Tuesday, September 2, 2014

It's That Time of the Year Again

There are a couple times each year when the activity in the Harry Potter fandom flares up again even now. Years after the last film and even more years after the last book, Harry Potter still appears seemingly out of nowhere. On the second of May, to remember and commemorate the Battle Of Hogwarts, with tributes to the fallen and praises to the heroes. On the thirty-first of July, to celebrate Harry's birthday. On Hallowe'en, to remember the deaths of Lily and James Potter and the Boy Who Lived.
And, like now, around the first of September, when the Hogwarts Express leaves King's Cross at eleven o'clock in the morning to take the students to the castle - some going for the first time, nervous and excited. Others feel like they are coming home. Older students, and, well, we. The people who for a large part have grown up in the wizarding world, we who have followed Harry from his cupboard under the stairs all the way to the final battle. Although it seems to be over, we are still there, and still in love with the world J.K. Rowling showed to us all those years ago.
I first read Harry Potter in fourth grade, it was December and I was nine years old. There were only six books out at that time, and I read all of them over the course of two weeks. I stayed up way past my bedtime - in case of the Chamber of Secrets, until two in the morning. (Now that I think about it, that may have been the point where my parents gave up trying to give me a bedtime.) I used every free moment to read. I read in bed, in the car, on my way to school, in school... I had never been captured by a book this much. I've always been a passionate reader but I had never been this intense.
I made my best friend at the time read it. For the rest of the schoolyear, we acted out scenes on the playground, using pens as wands and parallel bars as broomsticks. When the Deathly Hallows came out in 2007, I had never been this excited about a book release. I cried in the theatre when the last film was over. Finding out my Hogwarts house was a much more important discovery than almost everything else I learned about myself (Hufflepuff and proud!). Harry Potter has shaped almost my entire life, influenced my personality, helped me meet people who are now my closest friends.
And the wonderful thing is, I'm not the only one. There are millions of people like me out there. Some are older than me and read Harry Potter when it was first published, some are much younger and only discovered him two days ago.
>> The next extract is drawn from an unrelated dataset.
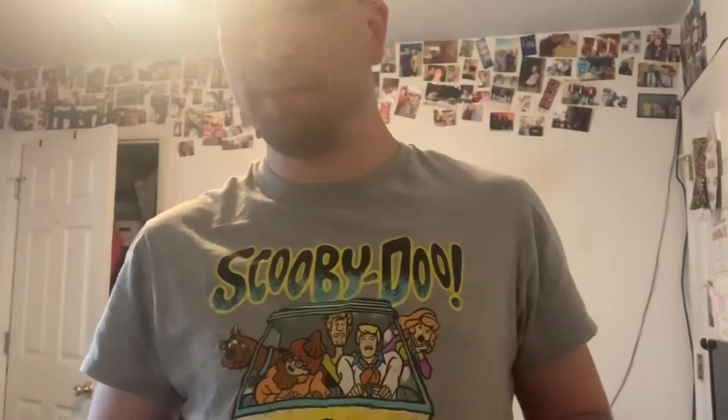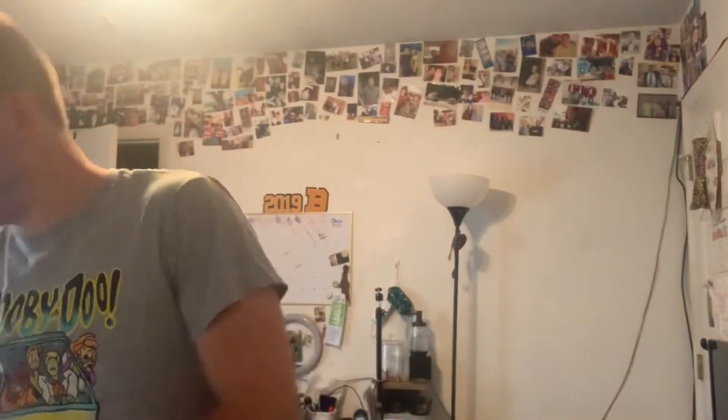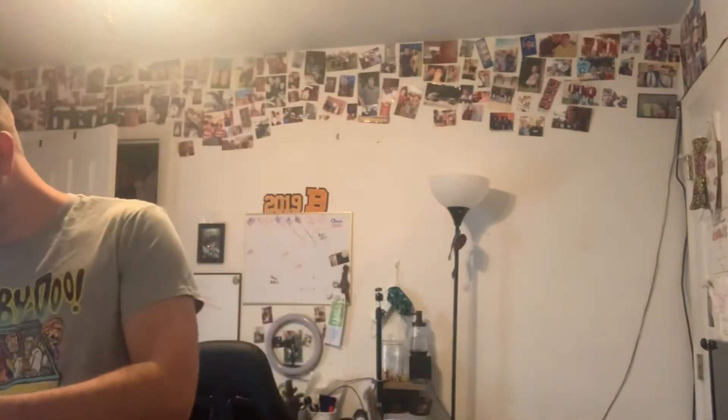We got some Wheat Thins — they're so good, hope you guys have had some. Some cream cheese and chive crackers are like my absolute favorite. Some Butterfingers — don't you lay a finger on my Butterfinger because I will snap it off. I also got Pocky cookies and cream.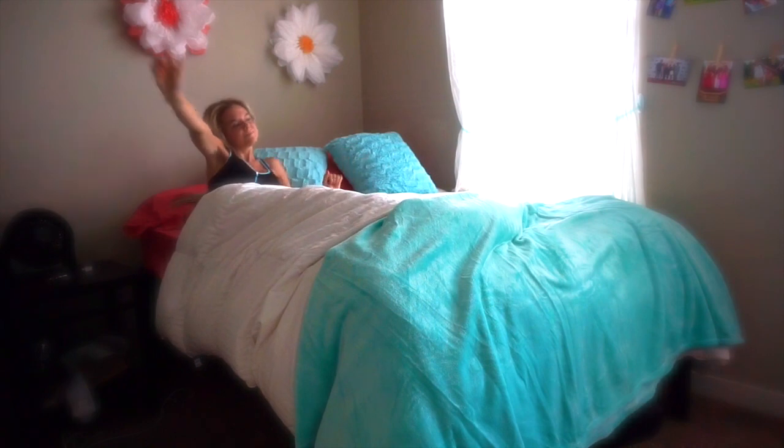The worst part of the day is probably where it begins, because the alarm goes off, I'm covered in my covers, and I don't want to get up. And then I get up and the whole day is better — and that's where the actual day starts.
But even though 'it's all over', it will never end.
Year after year, our love for this story flares up anew. Many of us appear to have moved on to other things, other stories. But we always remember and every once in a while we return to the halls and corridors of Hogwarts to look back and feel all warm and fuzzy, because Hogwarts will always be there to welcome us home.
And yes, for many (including me), these times don't only mean happiness. There's a very real emotion called Post-Potter-Depression, that feeling of vast emptiness when you realize that there is nothing more to come. Even though by now we know that that is not entirely true - there are fan films being made, music is written, there's an official film project happening at this very moment - it's still kind of over.
Every year on September 1st we regret that we cannot take the Hogwarts Express. We regret that we live in the Muggle world and cannot learn to do magic. And that makes us incredibly sad sometimes.
But you know what? Screw that feeling. Because as long as there's people like us, it will never be truly over. The world of Harry Potter lives on, welcoming everybody who wants to enter.
So I say: Welcome back. Take a seat. Have some pumpkin juice. Here's to another amazing year, and all the years yet to come. Here's to the Boy Who Lived, and the heroes who didn't. Here's to us, who keep the story alive. And here's to all the love and friendship that still comes from this community even after all these years.

Love,
Jojo

Saturday, June 7, 2014

Mediocrity Or: Miniature Crisis

Hey, peeps. 

Ever since eighth grade, English was my thing. My talent. It's not my first language but learning it is highly valued here, much more than arts, for example (which is bad in itself). I'm very lucky to apparently pick up languages rather easily but it still wasn't child's play to get as good as I am now. And I liked to be rewarded for that, I enjoyed being the teacher's pet and not having to put in as much effort. Also, it's nice to have a reputation for being really good at something - the kind of reputation that has fellow students asking you for your help, and a sort of whisper among English teachers about that girl.
A friend of mine scored an A plus in her English final. I got an A.
And that's okay, for the most part. She deserves this grade, she's been deserving it for several years and our teacher somehow failed to acknowledge her abilities. I know that this English final wasn't my best performance, that I could have been better.
Not achieving the highest possible mark in this exam won't change the fact that English is practically second nature to me. It won't change how people think of me, for the most part. But now somebody else is obviously better at the thing I thought was my thing. And that stings, no matter how much that somebody deserves it.
See, in September, I'm going to go to university in England. Where speaking English fluently is like, normal. Results Day made me realise that my thing won't be a thing for very much longer. What, for years, was a big part of what people associated with me, what I used to set myself apart from others, what I thought of as special about me, will be nothing. Or at least, much less than it was.
I'll have to find something else, then. I'm the kind of person who needs to be able to remind themselves that there's some way that they're better than other people - "Her hair might be awesome but my freckles are cuter" "He's good at everything but I can read out Shakespeare without stuttering". And part of me keeps whispering, in the back of my head, what are you going to do now? What will you tell yourself, at one a.m., when all around you people are being awesome and you need something to pick you up?
For everyday life, my self-esteem is pretty high, I think. I'm relatively confident or at least good at pretending to be, and I'm starting to rise above society-induced body shame and expectations. But in the middle of the night? Entirely different.
I need something to hold onto. And I have no idea what that something is going to be for the next three years. 

Love, 
Jojo

Monday, September 23, 2013

BOOK REVIEW! NO. 4: ELEANOR & PARK BY RAINBOW ROWELL

So, reliable sources (meaning one of my best friends) assured me that they liked the totally unstructured and chaotic version of this segment more than the nicely sorted and tidy version so here we go again.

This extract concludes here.